Female, 36, managing director
Katja Hof causes a stir — something owing to her position. Day in and day out, this young woman shows what she can do as head of the Franz Hof GmbH.
When Katja Hof tours the Euroblech trade show with her husband, there’s one thing she can be sure of: the exhibitors will always talk to her husband first. “When he then tells them that I’m the CEO, they can hardly hide their surprise!” she recounts, and then she chuckles.
People who don’t yet know the young CEO and call the Franz Hof GmbH for the first time invariably ask for “Mr. Hof.” And that’s no wonder, she thinks, since female managers are a rarity in the metalworking industry. “I try to see the humorous side. Business associates soon realize that I know what I’m doing, and they appreciate this.” Ultimately, her extraordinary position also has its advantages. It sharpens people’s perception of her company and people like negotiating with her. “Men naturally like dealing with women!”
Six years ago Katja Hof took over the family CNC sheet metal processing company, once owned by her father, from her brother — and she changed a lot of things. “The machinery had not been consistently updated and there was an investment backlog.” Katja Hof expanded the range of equipment right in her first year in the saddle. A 6 kW TruLaser 5030 classic was procured. Since then she’s invested each year in CNC machines for 2D laser cutting, punching and bending. In 2008, she had a third production shop built. What’s more, she recruited new personnel for engineering and production work, increasing the workforce from 40 to 70. This is reflected in the revenue figures.
Small lots, short response times
The Franz Hof GmbH job shop designs and produces blanks and assemblies made of steel, stainless steel and aluminum at Haiger-Rodenbach in the German state of Hesse. Production ranges from single prototypes to mass production. Sheets measuring up to 4,000 by 2,000 millimeters can be processed. On request, individual workpieces or complete assemblies can be finished to specification. Single items and short series make up four-fifths of the business.
With its strong job prep capacities, the company is able to work efficiently on a large number of orders, at small batch sizes, and hence to achieve very short delivery times. Many customers are companies from within the region. “Being close by is important,” explains Katja Hof. “Sometimes one of our customers, on a construction site, suddenly realizes that an important part is missing. We can make and deliver it on the same day. Flexibility is our great strength.” The extensive raw materials warehouse, with some five hundred different sheet grades in various qualities and formats, makes this possible.
Women in technical vocations
Katja Hof lays great value on furthering women in technical vocations. More than one third of her employees in technical fields and in administration are women. “Women’s advantage is their emotional intelligence and excel- lent team spirit,” says entrepreneur Katja Hof. Good solidarity among the employees — some of whom she has known from the days when she raced around the shop in her pedal cart — is very important to Katja Hof. “I want to create an environment that motivates employees so that they enjoy coming to work.
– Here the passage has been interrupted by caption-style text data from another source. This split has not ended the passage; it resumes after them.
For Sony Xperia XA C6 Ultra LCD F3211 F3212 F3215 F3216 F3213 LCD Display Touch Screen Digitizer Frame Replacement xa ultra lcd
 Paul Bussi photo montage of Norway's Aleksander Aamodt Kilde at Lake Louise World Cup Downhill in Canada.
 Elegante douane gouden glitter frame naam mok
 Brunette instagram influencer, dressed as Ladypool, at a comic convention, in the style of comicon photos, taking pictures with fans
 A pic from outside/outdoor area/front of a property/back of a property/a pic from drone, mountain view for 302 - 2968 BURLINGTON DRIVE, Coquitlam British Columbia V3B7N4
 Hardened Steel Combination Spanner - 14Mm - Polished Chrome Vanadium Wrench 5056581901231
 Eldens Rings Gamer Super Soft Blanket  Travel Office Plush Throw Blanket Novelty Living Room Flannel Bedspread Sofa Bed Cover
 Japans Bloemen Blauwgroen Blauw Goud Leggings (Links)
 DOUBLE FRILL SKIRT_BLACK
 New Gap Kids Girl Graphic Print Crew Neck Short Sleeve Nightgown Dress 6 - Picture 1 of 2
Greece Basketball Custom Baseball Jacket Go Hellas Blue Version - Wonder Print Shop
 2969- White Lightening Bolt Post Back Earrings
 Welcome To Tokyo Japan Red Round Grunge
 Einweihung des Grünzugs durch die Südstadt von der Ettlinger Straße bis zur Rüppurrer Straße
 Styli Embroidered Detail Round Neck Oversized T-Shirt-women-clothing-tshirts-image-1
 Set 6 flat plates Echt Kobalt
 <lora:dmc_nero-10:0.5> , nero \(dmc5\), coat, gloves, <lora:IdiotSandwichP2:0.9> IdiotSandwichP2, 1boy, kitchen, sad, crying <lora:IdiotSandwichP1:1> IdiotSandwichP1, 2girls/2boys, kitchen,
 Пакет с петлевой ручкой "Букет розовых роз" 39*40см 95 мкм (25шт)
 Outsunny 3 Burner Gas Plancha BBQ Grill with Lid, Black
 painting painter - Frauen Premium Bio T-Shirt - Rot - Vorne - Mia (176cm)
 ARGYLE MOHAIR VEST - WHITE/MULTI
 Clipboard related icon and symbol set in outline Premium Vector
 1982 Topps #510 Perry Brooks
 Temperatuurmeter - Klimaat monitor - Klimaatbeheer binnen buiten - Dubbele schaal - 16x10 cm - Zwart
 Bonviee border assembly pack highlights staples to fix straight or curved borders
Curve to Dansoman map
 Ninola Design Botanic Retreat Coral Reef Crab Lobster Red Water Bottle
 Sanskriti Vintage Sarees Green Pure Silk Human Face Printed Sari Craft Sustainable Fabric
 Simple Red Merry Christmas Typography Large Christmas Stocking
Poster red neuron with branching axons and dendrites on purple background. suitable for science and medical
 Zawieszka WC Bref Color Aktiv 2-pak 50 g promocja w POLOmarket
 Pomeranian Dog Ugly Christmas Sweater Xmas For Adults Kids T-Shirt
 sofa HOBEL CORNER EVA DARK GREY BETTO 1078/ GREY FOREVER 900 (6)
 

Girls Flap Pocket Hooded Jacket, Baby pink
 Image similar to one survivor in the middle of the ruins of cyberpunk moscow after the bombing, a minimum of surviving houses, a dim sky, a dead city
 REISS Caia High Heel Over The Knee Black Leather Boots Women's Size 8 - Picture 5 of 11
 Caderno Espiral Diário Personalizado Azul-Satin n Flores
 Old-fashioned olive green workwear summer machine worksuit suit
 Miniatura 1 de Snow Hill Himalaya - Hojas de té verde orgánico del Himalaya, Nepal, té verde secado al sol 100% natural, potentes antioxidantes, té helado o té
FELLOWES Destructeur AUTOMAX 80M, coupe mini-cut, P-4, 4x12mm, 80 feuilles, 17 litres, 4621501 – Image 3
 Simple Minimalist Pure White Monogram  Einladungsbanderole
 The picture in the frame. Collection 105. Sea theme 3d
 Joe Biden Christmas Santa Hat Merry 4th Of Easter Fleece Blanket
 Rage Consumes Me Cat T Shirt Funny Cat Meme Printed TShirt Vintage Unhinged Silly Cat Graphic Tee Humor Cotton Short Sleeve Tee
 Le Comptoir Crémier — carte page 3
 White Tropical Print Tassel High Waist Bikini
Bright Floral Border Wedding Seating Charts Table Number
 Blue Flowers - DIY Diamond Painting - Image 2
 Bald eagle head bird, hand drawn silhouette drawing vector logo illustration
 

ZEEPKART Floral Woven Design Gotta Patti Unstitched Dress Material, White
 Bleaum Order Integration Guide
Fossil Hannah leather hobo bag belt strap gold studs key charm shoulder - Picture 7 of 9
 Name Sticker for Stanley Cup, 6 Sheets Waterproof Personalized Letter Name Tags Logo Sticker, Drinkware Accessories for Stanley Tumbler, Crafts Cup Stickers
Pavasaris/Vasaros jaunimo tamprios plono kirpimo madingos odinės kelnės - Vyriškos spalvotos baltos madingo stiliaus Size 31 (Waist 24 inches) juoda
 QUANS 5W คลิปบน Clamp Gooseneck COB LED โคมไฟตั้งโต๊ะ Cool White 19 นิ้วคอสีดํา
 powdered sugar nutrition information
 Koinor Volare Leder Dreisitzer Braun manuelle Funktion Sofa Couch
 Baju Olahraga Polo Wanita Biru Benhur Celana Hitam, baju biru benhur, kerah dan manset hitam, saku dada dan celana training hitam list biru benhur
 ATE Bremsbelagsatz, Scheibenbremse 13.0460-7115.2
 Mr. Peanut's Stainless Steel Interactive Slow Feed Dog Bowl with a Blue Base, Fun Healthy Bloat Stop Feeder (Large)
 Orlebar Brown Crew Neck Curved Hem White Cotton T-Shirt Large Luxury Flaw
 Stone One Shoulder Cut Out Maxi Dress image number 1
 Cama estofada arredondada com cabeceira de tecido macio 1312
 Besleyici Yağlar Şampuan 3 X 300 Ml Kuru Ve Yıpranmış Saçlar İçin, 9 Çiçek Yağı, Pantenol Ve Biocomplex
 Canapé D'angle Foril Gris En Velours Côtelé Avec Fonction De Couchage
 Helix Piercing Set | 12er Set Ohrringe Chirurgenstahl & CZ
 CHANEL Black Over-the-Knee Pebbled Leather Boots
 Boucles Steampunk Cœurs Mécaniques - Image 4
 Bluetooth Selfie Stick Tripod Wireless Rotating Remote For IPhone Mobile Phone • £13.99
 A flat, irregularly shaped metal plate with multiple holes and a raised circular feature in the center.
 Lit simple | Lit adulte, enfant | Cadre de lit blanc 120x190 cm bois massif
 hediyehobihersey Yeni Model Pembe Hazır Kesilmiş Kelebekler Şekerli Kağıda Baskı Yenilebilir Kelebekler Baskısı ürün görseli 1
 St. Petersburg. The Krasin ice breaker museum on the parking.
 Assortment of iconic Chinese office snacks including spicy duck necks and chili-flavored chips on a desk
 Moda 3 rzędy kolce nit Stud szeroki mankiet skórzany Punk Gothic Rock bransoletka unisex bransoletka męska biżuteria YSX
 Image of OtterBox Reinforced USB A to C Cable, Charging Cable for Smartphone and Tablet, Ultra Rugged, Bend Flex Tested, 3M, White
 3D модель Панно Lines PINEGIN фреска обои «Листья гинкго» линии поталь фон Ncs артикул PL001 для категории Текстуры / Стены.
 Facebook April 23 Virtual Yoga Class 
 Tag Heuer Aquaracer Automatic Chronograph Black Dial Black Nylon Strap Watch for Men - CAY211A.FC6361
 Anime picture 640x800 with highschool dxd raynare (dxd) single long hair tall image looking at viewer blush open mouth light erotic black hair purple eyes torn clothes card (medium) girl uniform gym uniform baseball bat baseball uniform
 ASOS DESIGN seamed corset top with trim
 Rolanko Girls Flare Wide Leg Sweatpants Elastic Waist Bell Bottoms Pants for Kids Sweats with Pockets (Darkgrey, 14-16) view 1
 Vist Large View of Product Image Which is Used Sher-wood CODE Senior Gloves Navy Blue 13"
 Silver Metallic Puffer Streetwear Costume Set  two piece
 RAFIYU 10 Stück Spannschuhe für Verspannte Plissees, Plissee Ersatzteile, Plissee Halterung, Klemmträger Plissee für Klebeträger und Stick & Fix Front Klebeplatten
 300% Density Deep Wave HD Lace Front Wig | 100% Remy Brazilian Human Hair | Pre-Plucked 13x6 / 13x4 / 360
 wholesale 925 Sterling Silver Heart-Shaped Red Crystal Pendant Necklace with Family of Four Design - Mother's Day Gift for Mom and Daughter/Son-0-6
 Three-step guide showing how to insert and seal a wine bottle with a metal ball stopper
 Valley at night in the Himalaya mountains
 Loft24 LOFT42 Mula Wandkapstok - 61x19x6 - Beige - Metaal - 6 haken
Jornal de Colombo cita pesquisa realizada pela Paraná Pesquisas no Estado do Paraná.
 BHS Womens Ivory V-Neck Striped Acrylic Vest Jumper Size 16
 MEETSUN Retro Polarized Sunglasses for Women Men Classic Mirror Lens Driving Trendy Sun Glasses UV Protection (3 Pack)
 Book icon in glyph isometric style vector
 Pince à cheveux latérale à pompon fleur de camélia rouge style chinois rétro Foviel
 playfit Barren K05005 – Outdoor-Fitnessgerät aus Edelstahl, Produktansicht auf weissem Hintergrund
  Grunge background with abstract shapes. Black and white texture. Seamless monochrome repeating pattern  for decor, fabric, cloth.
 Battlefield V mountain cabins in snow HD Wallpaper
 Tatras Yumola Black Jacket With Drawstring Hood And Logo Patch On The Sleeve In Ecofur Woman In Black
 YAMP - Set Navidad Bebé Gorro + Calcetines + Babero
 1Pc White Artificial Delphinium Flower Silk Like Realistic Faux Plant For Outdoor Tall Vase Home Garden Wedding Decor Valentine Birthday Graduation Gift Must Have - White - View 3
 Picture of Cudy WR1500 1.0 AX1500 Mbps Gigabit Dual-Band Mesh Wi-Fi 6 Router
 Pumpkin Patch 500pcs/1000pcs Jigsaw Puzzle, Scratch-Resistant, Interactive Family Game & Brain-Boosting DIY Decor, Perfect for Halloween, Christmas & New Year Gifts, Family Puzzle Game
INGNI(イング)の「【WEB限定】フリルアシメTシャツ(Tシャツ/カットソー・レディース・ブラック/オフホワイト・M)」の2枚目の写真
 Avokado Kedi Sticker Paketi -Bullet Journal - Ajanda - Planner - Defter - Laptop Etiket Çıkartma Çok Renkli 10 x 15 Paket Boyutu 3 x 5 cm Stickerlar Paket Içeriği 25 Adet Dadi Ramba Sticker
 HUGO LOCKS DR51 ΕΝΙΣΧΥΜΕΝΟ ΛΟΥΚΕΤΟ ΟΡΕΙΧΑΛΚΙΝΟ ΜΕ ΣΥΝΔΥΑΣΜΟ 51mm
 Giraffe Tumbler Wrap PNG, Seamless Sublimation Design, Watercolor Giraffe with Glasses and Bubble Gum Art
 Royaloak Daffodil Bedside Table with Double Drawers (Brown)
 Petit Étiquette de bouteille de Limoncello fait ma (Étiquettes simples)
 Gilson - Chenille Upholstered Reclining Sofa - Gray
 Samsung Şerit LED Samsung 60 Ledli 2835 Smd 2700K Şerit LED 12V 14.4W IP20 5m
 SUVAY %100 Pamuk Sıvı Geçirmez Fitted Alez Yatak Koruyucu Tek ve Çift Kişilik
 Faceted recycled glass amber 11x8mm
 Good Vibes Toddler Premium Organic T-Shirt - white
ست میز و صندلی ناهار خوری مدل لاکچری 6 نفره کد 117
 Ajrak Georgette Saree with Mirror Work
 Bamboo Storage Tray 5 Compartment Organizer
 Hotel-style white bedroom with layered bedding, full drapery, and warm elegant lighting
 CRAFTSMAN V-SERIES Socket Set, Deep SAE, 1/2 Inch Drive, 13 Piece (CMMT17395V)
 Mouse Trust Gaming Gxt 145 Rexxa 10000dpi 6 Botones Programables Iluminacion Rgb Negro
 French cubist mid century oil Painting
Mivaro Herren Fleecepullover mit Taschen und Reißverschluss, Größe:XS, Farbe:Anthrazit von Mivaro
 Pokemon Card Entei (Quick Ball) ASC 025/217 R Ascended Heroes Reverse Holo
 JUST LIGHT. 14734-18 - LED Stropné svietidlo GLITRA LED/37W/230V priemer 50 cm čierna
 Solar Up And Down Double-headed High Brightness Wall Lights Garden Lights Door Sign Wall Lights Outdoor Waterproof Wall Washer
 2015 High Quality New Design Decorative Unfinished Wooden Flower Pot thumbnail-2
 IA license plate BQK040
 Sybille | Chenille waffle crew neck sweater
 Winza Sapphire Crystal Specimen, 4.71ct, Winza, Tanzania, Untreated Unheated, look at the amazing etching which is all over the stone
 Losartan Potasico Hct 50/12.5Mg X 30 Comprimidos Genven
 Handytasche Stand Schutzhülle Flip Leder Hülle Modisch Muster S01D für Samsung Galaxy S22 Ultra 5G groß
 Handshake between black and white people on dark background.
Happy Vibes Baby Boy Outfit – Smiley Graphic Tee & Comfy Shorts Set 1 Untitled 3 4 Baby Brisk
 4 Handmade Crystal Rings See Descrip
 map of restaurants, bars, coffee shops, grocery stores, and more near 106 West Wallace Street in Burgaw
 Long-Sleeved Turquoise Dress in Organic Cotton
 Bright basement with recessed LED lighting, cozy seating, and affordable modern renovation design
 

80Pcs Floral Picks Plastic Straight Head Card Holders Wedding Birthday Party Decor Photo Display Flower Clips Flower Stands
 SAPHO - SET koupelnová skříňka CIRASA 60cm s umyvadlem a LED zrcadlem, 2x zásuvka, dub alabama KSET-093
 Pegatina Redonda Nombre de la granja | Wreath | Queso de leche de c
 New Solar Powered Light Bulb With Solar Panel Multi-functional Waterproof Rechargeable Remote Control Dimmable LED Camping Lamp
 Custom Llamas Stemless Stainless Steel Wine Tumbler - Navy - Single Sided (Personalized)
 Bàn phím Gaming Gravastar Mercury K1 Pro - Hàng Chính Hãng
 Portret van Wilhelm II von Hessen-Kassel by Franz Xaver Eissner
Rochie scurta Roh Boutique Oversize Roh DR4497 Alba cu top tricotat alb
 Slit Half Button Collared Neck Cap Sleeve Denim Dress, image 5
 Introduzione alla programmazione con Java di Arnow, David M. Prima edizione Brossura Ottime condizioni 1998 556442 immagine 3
We have a flat organizational structure and we’re all on a first name basis.” In daily activities, the employees become fully aware that each and every one of them counts and that no one is just a number. Resolute leadership is nonetheless indispensable.
Marching bravely through the crisis
After she took over the company, Katja Hof remained loyal to the suppliers, kept all her father’s customers, and acquired many new ones through targeted marketing campaigns. She regularly calls on her clients, invites them to regional trade fairs, and encourages them to visit her company.
“Once they’ve seen for themselves what we can do, they frequently place new orders.” Two important success factors are customer acquisition and maintaining personal customer contacts. In the crisis year of 2009 she decided to take the bull by the horns. Revenue dropped by one third. Instead of introducing short-time working, she speeded up delivery times even further. “In that way we were able to achieve satisfactory results for 2009 and retain every member of the staff.”
Franz Hof, the master craftsman who lent his name to the company, had taken over a small sheet metal business from his father. There, ash pans were made for domestic stoves. It was in 1984 that Franz Hof acquired his first machine from TRUMPF. Later he was one of the first in the region to invest in laser technology. Now 78, he still comes into the factory almost daily and helps with the delivery of goods to customers.
Katja Hof greatly values consulting with her invariably optimistic father — a devoted technology enthusiast — and with her husband, Kay-Uwe Zöllner, who joins her in managing the company. The most important decisions on strategy, personnel and investments are made jointly. In the final analysis it’s the positive gut feeling that counts, she says. “If I don’t feel good about something, then I don’t do it. I am a devout believer and that gives me the confidence to make any and every decision.”
Now, Katja Hof has dared to make the largest technology investment in the company’s history: the purchase of a Stopa storage system with a capacity of 800 tons, combined with a TruMatic 7000 punch-laser combination machine. Both were installed in June 2011. “We thought the decision over carefully before we made this investment,” she says. “I’m convinced that this is the road to the future. For service-oriented companies like ours, the crucial thing is to increase productivity with innovative technology and thus to safeguard the company’s future.”